Ils possèdent aussi une capacité de captation très importante des outils de reconnaissance symbolique que sont les prix littéraires, par exemple. Plus la concentration sera importante, plus les situations de captation se multiplieront. On peut considérer que c’est le rôle de la puissance publique de réguler un peu plus ce marché.
Quelles initiatives donnent cependant des raisons d’espérer ?
Étienne Galliand : Il existe de nombreux facteurs d’espoir, malgré une situation critique. D’abord, les maisons indépendantes peuvent s’appuyer sur des communautés en symbiose avec leur positionnement et leur catalogues — dans la constitution de ces communautés, les réseaux sociaux jouent un rôle majeur. Des processus de financement nouveaux voient le jour — je pense au crowdfunding par exemple, même s’il ne peut qu’être ponctuel.
Je trouve aussi, en comparaison avec l’époque où nous commencions à en parler en France (au début des années 2000), que la notion d’indépendance éditoriale et de bibliodiversité se sont durablement implantées, en tous cas dans certaines régions du monde (en Europe, en Amérique latine par exemple) ; c’est essentiel, car les mentalités et les politiques publiques n’évolueront pas si l’édition indépendante n’est pas reconnue en tant que telle, et si son rôle essentiel dans le maintien d’un bon niveau de bibliodiversité n’est pas acté.
L’espoir réside aussi, en France, du côté de certaines politique publiques territoriales, en particulier régionales, qui prennent le parti de soutenir la création en incluant les maisons d’édition dans leurs dispositifs.
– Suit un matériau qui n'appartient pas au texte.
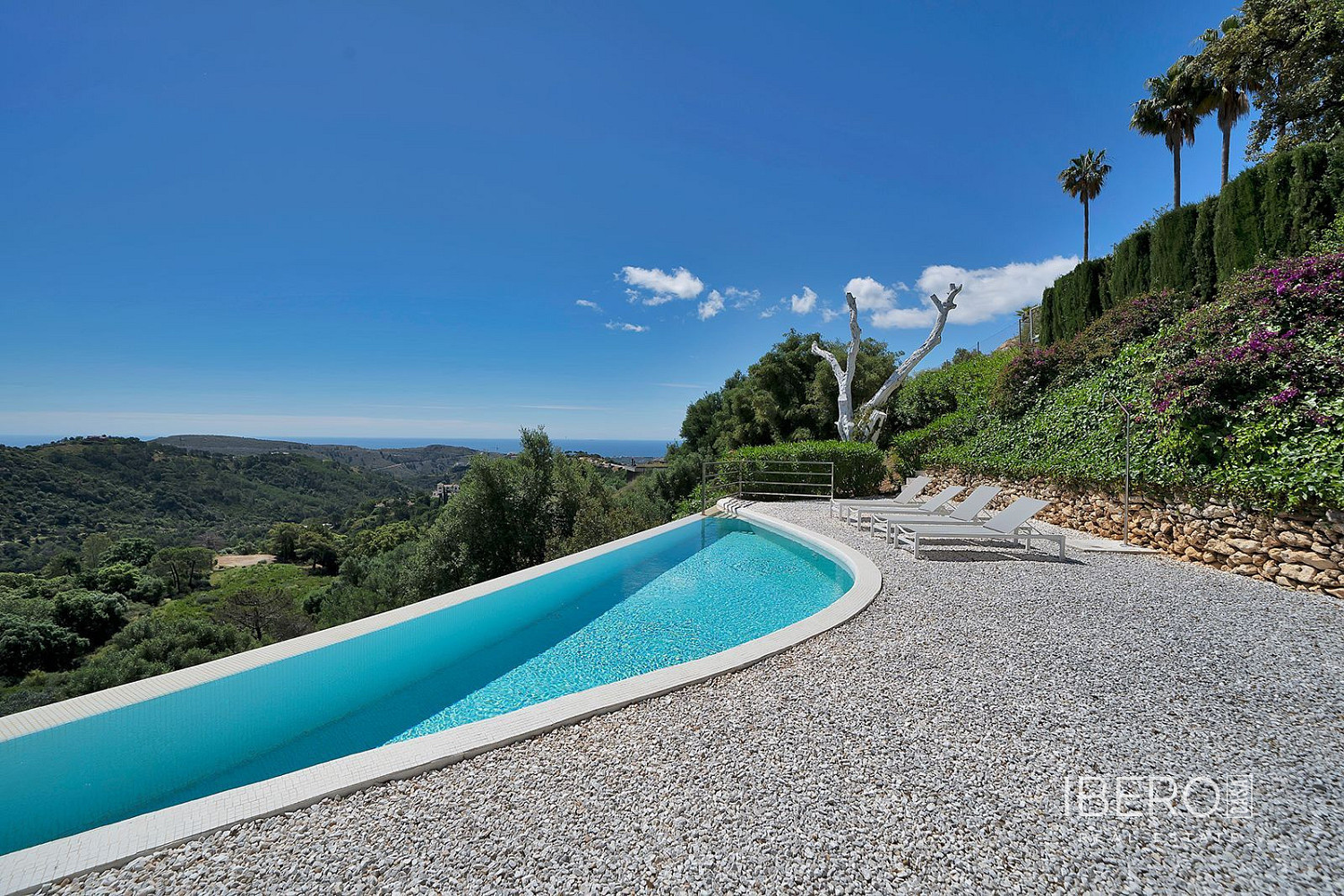 Casa 6+kk – Benahavís, La Cocha, Costa del Sol Occidental - Vista 2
C’est tout à fait honorable et nous espérons que ces politiques de soutien seront préservées dans le contexte budgétaire que nous connaissons.
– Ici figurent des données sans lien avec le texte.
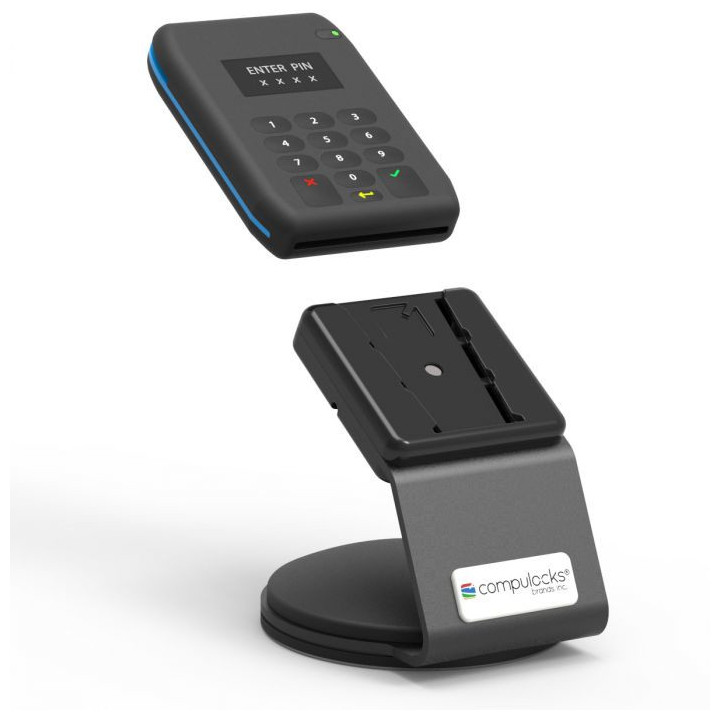 Compulocks 199BSLDDCKB support Mobile/smartphone Noir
D’ici, on mesure mal les évolutions positives ou innovantes qui voient le jour dans d’autres contextes culturels, comme le mouvement des maisons d’édition cartoneras en Amérique latine — loin d’être des initiatives éphémères, ces structures qui créent des livres aux couvertures réalisées à partir de cartons recyclés ont développé un marché en part entière.
Les éditeurs de la diaspora ont aussi une spécificité et un marché de niche particulier – lourd de sens parfois, comme le montre l’exemple d’Azadeh Parsapour au Royaume-Uni présenté dans l’ouvrage, qui publie pour la diaspora et les Iraniens. Donc, si l’évolution est tout de même à un renforcement de la précarité, il faut garder espoir — d’ailleurs, plus de 75 % des répondant·e·s à l’étude internationale déclarent qu’ils recommanderaient ce métier à des jeunes.
Quoi qu’il en soit, il ne faudra pas faire l’économie encore trop longtemps d’une grande réflexion sur le rôle de l’édition indépendante dans l’écosystème du livre et son poids dans la bibliodiversité. Si l’on fait de la lecture une cause nationale, si on estime que la lecture longue, structurée, est importante pour la formation des citoyens et citoyennes (et, plus simplement, pour la formation du raisonnement), il est nécessaire que la puissance publique régule mieux cet écosystème, en particulier en protégeant plus clairement la création, représentée par les auteurs et autrices et par les éditeurs et éditrices indépendant·e·s.
Il n’est pas nécessaire de lever de nouveaux impôts pour le faire — comme le montre l’exemple du cinéma en France, sur lequel il serait sans doute possible de s’appuyer pour mettre en place des systèmes d’appui à la création et à l’édition indépendante. Il me semble nécessaire, en tous cas, d’y réfléchir sans tabou.